Atas peristiwa tersebut, Adly mengaku pihaknya telah banyak belajar. Terdapat banyak ragam disabilitas yang pemenuhan kebutuhannya berbeda-beda juga. Pihaknya menyatakan bakal mengembangkan pelayanan yang semakin ramah lagi bagi para penyandang disabilitas. Petugas lapangan juga bakal diberi pemahaman lebih untuk memberikan pelayanan maksimal bagi kelompok tersebut.

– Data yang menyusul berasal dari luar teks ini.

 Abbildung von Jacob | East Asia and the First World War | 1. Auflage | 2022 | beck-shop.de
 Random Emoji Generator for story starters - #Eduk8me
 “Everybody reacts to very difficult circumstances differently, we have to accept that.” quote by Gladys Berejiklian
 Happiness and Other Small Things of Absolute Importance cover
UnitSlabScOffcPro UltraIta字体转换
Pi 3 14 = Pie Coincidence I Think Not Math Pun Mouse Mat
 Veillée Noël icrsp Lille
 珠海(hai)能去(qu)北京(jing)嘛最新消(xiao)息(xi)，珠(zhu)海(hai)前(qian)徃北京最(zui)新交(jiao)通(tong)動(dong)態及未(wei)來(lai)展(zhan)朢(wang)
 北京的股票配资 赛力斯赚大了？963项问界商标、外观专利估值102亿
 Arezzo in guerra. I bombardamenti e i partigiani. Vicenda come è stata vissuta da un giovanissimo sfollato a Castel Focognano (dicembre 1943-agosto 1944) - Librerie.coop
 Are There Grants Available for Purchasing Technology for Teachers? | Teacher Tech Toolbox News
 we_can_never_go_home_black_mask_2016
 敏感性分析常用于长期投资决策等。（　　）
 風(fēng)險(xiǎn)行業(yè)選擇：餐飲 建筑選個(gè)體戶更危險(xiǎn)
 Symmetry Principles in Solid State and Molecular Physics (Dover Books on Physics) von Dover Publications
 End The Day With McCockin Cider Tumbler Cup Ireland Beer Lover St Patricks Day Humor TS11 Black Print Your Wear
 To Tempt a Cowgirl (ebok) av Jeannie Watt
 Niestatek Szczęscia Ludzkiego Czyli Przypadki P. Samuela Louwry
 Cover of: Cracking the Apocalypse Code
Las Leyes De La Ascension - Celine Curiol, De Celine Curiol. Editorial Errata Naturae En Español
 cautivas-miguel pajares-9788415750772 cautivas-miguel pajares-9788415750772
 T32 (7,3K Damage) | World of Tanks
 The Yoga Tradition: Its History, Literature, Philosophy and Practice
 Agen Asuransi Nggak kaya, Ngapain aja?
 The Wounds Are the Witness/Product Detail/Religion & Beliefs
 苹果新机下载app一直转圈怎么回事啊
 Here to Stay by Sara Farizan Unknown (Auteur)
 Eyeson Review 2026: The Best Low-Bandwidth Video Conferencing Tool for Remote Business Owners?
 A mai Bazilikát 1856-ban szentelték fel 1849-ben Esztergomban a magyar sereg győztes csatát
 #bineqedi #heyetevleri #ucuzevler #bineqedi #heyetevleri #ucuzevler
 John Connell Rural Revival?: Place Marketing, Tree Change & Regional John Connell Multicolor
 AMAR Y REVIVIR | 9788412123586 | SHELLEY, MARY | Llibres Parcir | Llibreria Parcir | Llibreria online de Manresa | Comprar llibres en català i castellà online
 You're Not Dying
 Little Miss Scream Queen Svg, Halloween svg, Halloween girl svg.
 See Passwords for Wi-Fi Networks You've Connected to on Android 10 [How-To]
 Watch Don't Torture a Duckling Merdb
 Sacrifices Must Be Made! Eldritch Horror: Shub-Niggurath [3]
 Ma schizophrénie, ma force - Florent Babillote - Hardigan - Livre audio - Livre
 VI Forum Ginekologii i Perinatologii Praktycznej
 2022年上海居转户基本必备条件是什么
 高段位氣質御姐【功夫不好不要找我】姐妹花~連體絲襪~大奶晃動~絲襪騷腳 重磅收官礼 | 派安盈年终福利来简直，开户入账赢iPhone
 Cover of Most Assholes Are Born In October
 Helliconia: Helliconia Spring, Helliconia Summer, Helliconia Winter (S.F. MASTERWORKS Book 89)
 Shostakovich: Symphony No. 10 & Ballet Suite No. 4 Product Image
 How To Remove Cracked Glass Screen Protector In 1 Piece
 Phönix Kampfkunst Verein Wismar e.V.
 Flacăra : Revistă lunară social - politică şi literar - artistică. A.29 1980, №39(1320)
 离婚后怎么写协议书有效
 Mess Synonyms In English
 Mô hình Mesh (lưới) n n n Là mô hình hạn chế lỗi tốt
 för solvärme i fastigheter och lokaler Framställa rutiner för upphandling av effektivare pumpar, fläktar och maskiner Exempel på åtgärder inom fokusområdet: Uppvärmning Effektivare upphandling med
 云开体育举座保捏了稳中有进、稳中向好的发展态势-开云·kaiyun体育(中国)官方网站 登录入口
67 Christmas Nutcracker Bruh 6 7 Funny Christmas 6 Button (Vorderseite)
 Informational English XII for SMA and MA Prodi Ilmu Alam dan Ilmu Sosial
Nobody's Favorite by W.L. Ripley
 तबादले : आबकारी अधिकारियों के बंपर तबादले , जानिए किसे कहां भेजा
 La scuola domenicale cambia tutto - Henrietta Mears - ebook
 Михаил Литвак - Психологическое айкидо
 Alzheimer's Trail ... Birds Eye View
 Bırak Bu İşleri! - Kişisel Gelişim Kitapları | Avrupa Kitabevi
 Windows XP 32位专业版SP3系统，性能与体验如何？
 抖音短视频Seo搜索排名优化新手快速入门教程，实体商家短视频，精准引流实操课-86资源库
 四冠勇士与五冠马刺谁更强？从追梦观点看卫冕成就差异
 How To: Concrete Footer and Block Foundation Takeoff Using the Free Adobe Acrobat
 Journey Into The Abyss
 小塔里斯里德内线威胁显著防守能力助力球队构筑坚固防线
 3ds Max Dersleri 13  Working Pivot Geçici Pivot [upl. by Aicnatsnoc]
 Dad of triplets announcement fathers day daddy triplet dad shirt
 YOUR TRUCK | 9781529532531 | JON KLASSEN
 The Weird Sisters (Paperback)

”Peristiwa kemarin kami sesalkan bersama dan jadi bahan perbaikan. Juga hal-hal pengembangan fasilitas pelayanan stasiun akan kami lakukan. Yang terpenting, meningkatkan soft skill dan pemahaman kami agar petugas bisa lebih sensitif dan proaktif dalam melayani pengguna kami dari disabilitas,” kata Adly.
Sebenarnya, jelas Adly, KRL sudah mempunyai standar prosedur operasional tertentu yang harus dipenuhi. Pembinaan pun diberikan secara rutin kepada petugas setiap bulan. Namun, materi pembinaannya lebih pada hal-hal yang bersifat umum, seperti perubahan layanan kereta. Menurut dia, pemahaman mengenai sensitivitas pada penyandang disabilitas memerlukan pelatihan khusus.
Lebih lanjut, Adly menyampaikan, pihaknya terbuka akan masukan dari penyandang disabilitas. Sejak awal membuka layanan KRL Yogyakarta–Solo, masyarakat dilibatkan dalam uji coba layanannya. Cara itu dipilih agar pelayanan kereta bisa benar-benar menyesuaikan kebutuhan masyarakat.
”Ini supaya memperoleh feedback. Apa saja yang perlu di-improve dan ditingkatkan. Itu bisa kita ambil pelajaran untuk diadopsi peraturannya. Kadang sebagai operator, kami lebih menyediakan yang sesuai standarnya,” ujar Adly.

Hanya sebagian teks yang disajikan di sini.